Ola Lundqvist wrote:
> Well I do not really understand this. Java code is supposed to be
> portable. If you compile it to machine binaries it is no longer a
> java program and should not be packaged as a such. Non java
> components should be extracted to a separate package IMHO.

I'm staying out of the main topic of this thread since I'm
not much into dselect or rpm packaging (prefer tarballs!).

However, I must point out that the above statement is totally
incorrect, and that compiling to native, of and by itself, does
not make a Java program "no longer a java program".  

A Java program may indeed consist of totally native code.  A 
good example is a JavaME program compiled to native to fit in
a small appliance or smart card architecture.  Such programs
are still Java programs in every sense of the word, even though
they are no longer in bytecode form, and no longer require a
standalone JVM to run (actually, the essential parts of the 
JVM have been compiled in).  Conversely, not all Java bytecode 
files are Java programs, such as bytecode files produced by Ada 
compilers (and yes that has been done).  Those would still be 
Ada programs, not Java programs.  In short,  bytecode != Java.

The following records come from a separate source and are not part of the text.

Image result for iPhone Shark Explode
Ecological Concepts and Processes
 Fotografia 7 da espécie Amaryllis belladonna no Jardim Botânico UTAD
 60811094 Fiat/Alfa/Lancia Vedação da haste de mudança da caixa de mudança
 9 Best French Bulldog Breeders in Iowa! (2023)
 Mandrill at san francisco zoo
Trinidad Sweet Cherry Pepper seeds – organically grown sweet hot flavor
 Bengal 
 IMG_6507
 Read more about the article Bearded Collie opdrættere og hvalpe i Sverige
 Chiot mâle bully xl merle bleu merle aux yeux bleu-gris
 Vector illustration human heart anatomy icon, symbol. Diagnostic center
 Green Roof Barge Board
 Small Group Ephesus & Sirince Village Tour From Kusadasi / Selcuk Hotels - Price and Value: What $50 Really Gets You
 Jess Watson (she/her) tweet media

If (bytecode != Java), what does?  I'll tell you what does --
conformance with the full suite of JCK tests.  Sun grants their
stamp of approval, and ability to wear the Java logo, ONLY
when an implementation (JVM+tools+APIs) all pass the
respective JCK (Java Compatibility Kit) tests, of which there
were about 21,000 the last time I counted.  Passing JCK
is what makes something "Java."  Compiled-to-binary code can
pass JCK just as well as bytecode implementations.  I know this
for a fact because I used to be a JCK tester for a major bytecode
to native compiler vendor.  We were able to pass JCK in full
native mode, and Sun recognized this and granted the product 
full Java certification.

The problem with all 'free' Java implementations to date is that
none of them have been able to pass JCK because of Sun's ill
considered legal hang up with free software licensing.  Jakarta's
efforts at getting Sun to re-evalutate their position and say
at JavaOne that JCK will be made available to free projects is
of great significance -- for the first time, free implementations
will be able to tell if they are truly "Java" or not and, if
not, exactly why (i.e., which JCK tests they fail) and so know 
what must be done to become fully Java compliant.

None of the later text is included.